Videogame movies are, notoriously, awful. For a nascent medium that’s often so bluntly inspired by cinema, an adaptation of a game into film has, by my count, worked only once: 2010’s Prince of Persia: The Sands of Time. I’m even in a minority on that one, but when Sands of Time is featured among company that includes Super Mario Bros. and any given Uwe Boll game-film, it all seems quite a bit better in comparison.
Early game-films like Street Fighter and Mortal Kombat were working from flimsy narratives in the first place, providing them with a convenient excuse for cocking it up. When videogames as a whole began to incorporate cinematic elements into their storytelling, whether via cutscenes, actual plotlines or visual cues, hope began to spring that maybe – just maybe – game-films might finally reach true cohesion between their fields.
Fans of the Wing Commander series had good reason to believe that the cinematic version would achieve this goal. From the third iteration onwards, the games featured fully-voiced, fully-acted FMVs with the considerable talents of John Rhys-Davies, Malcolm McDowell and Mark sodding Hamill paving the cutscene road between space-simming.
You’d think that Chris Roberts, mastermind behind the series as a whole, would be the perfect man to direct the cinematic adaptation, given his innate knowledge of worlds he created. Think again. Wing Commander is a sloppy, conceited mess that insults both its core fanbase and the uninitiated, resorting to tired cliches and slapdash characters in order to bring desperate, fleeting life to its undeveloped universe.
In any case, it’s the 27th Century and the Terran Confederation (A.K.A., Earth) is embroiled in a galactic war with the Kilrathi (nasty space tigers, A.K.A. Klingons with fur). The Kilrathi, in their nastiness, capture a NAVCOM A.I. – a navigational computer with co-ordinates for Earth – and only one ship is close enough to transmit the critical data back home.
That ship happens to house Blair (Freddie Prinze, Jr.) and Maniac (Matthew Lillard), a pair of inexplicable bosom buddies. To stretch a poor analogy, one is a chalkboard and the other is the Solero-haired nail scraping down said chalkboard; one is vacant, the other is insufferable. Blair’s callsign is “Maverick”, which should give you a good hint as to where the film is going: it’s Top Gun in space, right down to Maniac’s disgusting attempt to channel the spirit of Goose.
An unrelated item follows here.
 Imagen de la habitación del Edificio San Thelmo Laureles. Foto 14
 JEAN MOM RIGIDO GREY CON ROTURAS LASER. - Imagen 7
Sadly, Top Gun‘s endless yields of homoerotic sexual tension is nowhere to be found aboard the corrugated iron of Wing Commander‘s sets. Sadder still, there’s no Kenny Loggins soundtrack charting our way into the danger zone. But really now, casting the male half of Mystery Inc. as the central dramatic leads in a sci-fi action thriller is not exactly ideal, especially when their acting is so excruciating. Prinze, Jr.’s primary mode of emoting is to puff his bottom lip out and furrow his brow; Lillard’s is to gurn and gnash and drool, essentially channeling Jake Busey from Starship Troopers.
Putting them in the same vicinity as true acting heavyweights like David Suchet, David Warner and Jürgen Prochnow is embarrassing for all parties. The casting is, ultimately, misguided at best and downright idiotic at worst. Given the relatively light-hearted tone, it’s at least feasible that Roberts would look to Prinze, Jr. and Lillard (contemporary flavours-of-the-month) to provide a comedic hub for the experienced actors to gravitate around, but neither have the timing or the chops to make the dramatic moments hit harder. Watching Lillard mourn the death of a fallen comrade is like watching a hyperactive four year-old demanding the return of his Game Boy.
Saffron Burrows fares better as Commander “Angel” Deveraux, but her willowy frame and plummy RP render her attempts at being authoritative a little underwhelming. While her cheekbones cut a fine swathe through the screen, her position as a leader of men does not. Tchéky Karyo’s Paladin is the only character with major screen time to truly leave an impression, but that’s primarily down to Karyo’s ability to piss charisma.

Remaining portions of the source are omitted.